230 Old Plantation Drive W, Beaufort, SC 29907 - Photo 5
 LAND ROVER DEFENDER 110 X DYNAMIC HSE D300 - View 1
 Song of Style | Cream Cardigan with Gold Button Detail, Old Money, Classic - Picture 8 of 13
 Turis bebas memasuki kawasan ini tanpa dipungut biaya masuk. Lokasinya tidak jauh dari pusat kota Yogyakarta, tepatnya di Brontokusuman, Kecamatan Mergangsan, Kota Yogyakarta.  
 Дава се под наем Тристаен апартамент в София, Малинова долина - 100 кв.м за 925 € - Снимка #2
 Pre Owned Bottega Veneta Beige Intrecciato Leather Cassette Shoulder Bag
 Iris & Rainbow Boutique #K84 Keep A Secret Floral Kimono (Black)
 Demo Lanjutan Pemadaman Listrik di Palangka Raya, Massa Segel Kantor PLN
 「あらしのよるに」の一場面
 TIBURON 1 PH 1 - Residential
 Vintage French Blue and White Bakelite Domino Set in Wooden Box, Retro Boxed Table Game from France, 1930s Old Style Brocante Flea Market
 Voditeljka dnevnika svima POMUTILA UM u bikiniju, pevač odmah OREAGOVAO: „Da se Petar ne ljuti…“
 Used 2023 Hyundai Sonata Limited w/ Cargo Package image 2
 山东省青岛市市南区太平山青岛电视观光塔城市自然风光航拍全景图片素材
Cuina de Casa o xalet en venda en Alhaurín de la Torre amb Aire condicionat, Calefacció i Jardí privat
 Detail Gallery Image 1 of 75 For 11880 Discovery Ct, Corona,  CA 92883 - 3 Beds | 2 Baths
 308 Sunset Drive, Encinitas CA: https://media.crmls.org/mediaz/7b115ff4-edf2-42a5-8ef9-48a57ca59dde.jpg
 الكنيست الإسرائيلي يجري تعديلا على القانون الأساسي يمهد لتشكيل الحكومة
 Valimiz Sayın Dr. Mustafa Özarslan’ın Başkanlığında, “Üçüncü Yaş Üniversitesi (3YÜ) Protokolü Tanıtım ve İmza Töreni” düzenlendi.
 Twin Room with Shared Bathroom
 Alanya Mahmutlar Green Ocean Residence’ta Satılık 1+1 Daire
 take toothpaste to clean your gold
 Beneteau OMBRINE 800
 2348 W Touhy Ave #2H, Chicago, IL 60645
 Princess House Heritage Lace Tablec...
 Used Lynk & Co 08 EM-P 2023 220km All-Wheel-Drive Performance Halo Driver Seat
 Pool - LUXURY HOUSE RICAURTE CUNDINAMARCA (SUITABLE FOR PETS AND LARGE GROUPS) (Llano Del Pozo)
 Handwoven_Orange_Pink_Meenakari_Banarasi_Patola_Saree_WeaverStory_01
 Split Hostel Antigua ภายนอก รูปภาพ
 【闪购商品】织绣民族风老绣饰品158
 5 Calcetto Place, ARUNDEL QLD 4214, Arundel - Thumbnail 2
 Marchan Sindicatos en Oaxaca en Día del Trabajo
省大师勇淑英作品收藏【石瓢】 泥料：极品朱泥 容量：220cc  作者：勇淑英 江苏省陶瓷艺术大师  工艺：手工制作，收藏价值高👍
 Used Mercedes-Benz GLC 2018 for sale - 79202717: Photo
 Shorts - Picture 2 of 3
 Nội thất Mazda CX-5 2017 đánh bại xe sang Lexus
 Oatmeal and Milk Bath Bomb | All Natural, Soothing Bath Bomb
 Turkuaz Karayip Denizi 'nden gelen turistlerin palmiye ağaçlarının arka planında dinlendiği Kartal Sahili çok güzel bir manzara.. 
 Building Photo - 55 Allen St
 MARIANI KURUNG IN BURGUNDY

===

» PROBLEM STATEMENT:
Gather each line of the listing containing the word "Detail" and show it.

» EXERCISE OUTPUT:
 Song of Style | Cream Cardigan with Gold Button Detail, Old Money, Classic - Picture 8 of 13
 Detail Gallery Image 1 of 75 For 11880 Discovery Ct, Corona,  CA 92883 - 3 Beds | 2 Baths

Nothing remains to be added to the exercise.